Health & the Fluid Genome
In her new book, Living with the Fluid Genome, Mae-Wan Ho writes,
"The responsiveness of genes and genomes to the environment makes clear that the only way to keep genes and genomes constant and healthy is to have a balanced ecology... On the other hand, it is definitely futile to think that we can go on ruining our ecosystem and stay healthy so long as we have 'good' genes... Genes, unlike diamonds, are not forever."
This miniseries offers new insights into how major chronic diseases arise from the inability to take the fluid genome seriously, and how strategies to combat the diseases are similarly misguided and dangerous.
Dr.
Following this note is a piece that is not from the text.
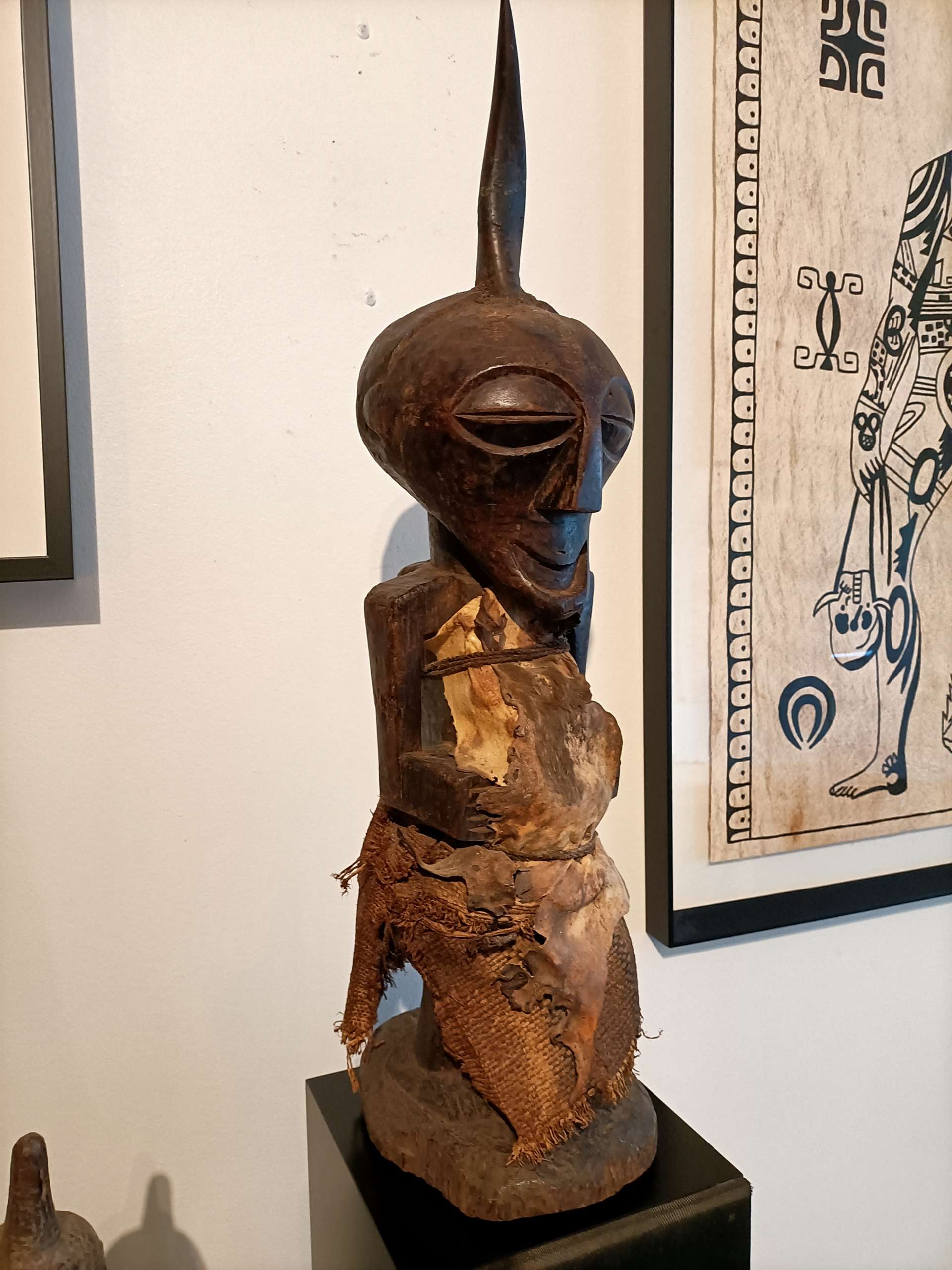 Estatueta Songye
Mae-Wan Ho and Prof. Malcolm Hooper report on evidence linking vaccines to Gulf-War Syndrome and the controversial US Department of Defence program to immunize millions of service personnel against anthrax.
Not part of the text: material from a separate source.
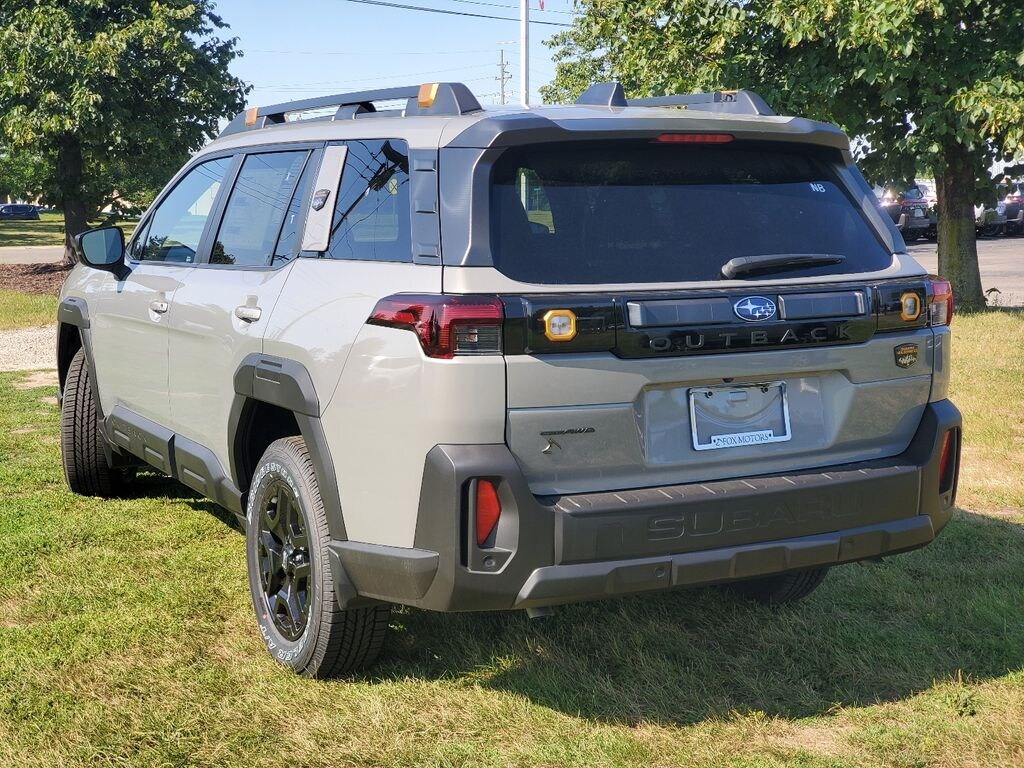 New 2026 Subaru Outback Wilderness SUV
Gulf-War Syndrome (GWS) refers to a collection of symptoms in soldiers who served in the Persian Gulf War (1990-1991), or Gulf War 1. These symptoms include rash, severe fatigue, muscle and joint pain, headache, irritability, depression, unrefreshing sleep, gastrointestinal and respiratory disorders and neurological cognitive defects.
Apart from being exposed to a wide range of environmental hazards and toxic chemicals, US and UK Gulf War I veterans (GW1Vs) were also given large numbers of vaccines. In total, the US GW1Vs received, at least, 17 different vaccines  including live vaccines (polio and yellow fever as well as experimental vaccines that had not been approved (anthrax, botulinum toxoid) and were of doubtful efficacy . In the UK, the Ministry of Defence (MoD) has declared only 10 vaccines given, but records exist to show that some troops received a greater number . Among them were two experimental vaccines, anthrax with pertussis as an adjuvant (shown in 1990 to cause serious deconditioning in mice) , and plague, given to UK but not USA troops . The manufacturers of pertussis were not advised of the unlicensed use on GW1Vs [1,4].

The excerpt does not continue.